There are no treatments of DLB that are unique to the condition. Medications and treatments used to manage symptoms of parkinsonism, dementia, behavioral issues, and RBD are used based on testing in PD.
Physical therapy, occupational therapy, and exercise certainly play a role in the management of the motor symptoms of DLB.
Avoidance of antipsychotic medications such as Seroquel (quetiapine), Zyprexa (olanzapine), Haldol (haloperidol), Risperdal (risperidone), and dopamine-blocking anti-nausea medications such as Reglan (metoclopramide) and Compazine (prochlorperazine) is key given the high likelihood of a negative reaction.
Acetylcholinesterase inhibitors such as Aricept (donepezil) and Exelon (rivastigmine) can be helpful for cognitive dysfunction and other behavioral symptoms.

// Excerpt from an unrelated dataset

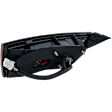 Passenger Side, Inner Tail Light, with Bulb, Halogen, Clear and Red Lens, CAPA CERTIFIED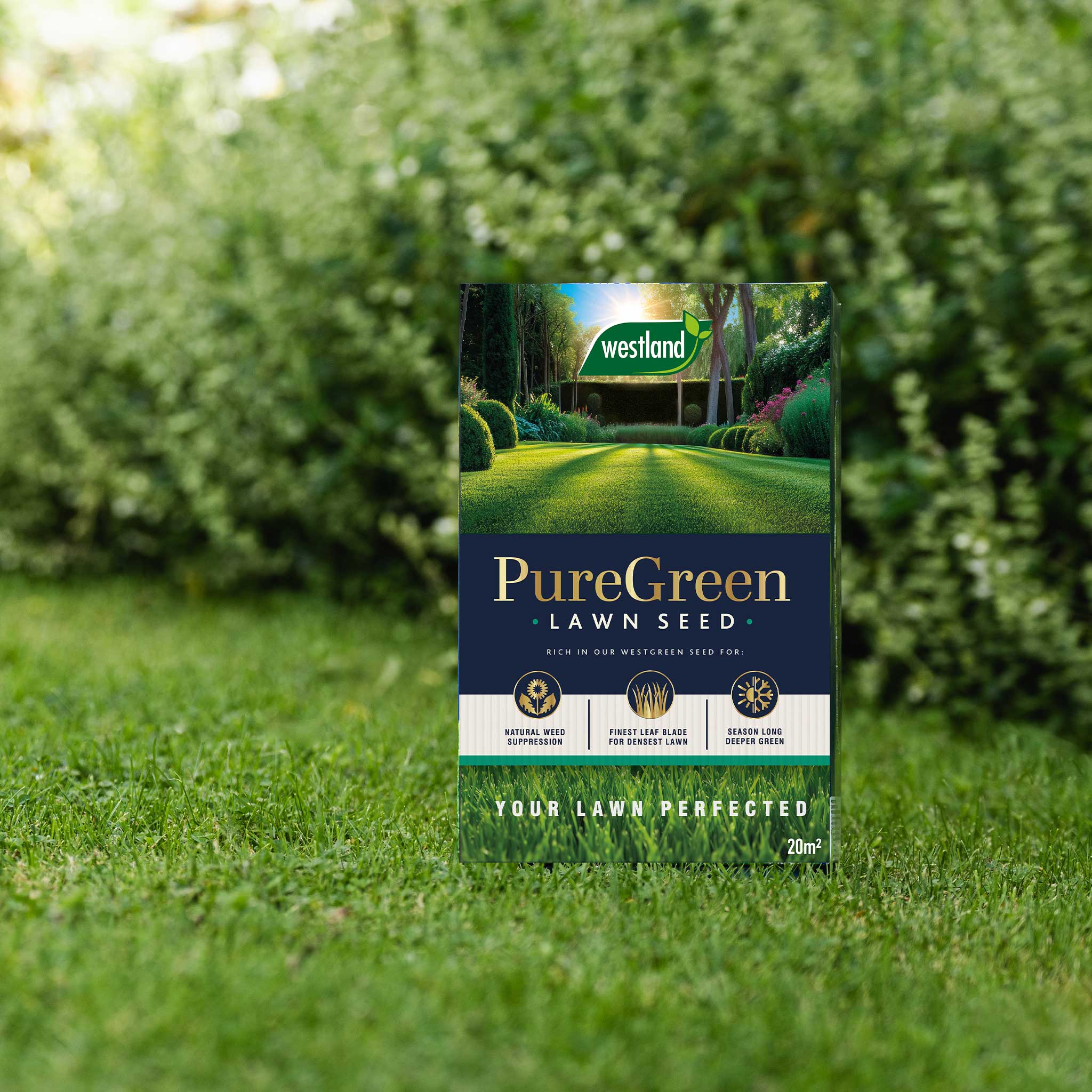 <h2><span style="font-size: 12pt; color: #ffffff;"><strong>Westland PureGreen Lawn Seed</strong></span></h2>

The parkinsonism (slowness, stiffness, shuffling gait, tremor, imbalance) that develops in DLB is less responsive to levodopa compared to idiopathic (typical) PD. Sometimes there is a mild improvement, sometimes temporary, but no significant or dramatic improvements are seen with medication. Physical therapy, occupational therapy, and exercise certainly play a role in the management of the motor symptoms of DLB.
While there are no curative treatments for Lewy Body dementia at this time, at Pacific Neuroscience Institute we are confident that accurate diagnosis is the first step in research opportunities and improved treatment and prevention of progression.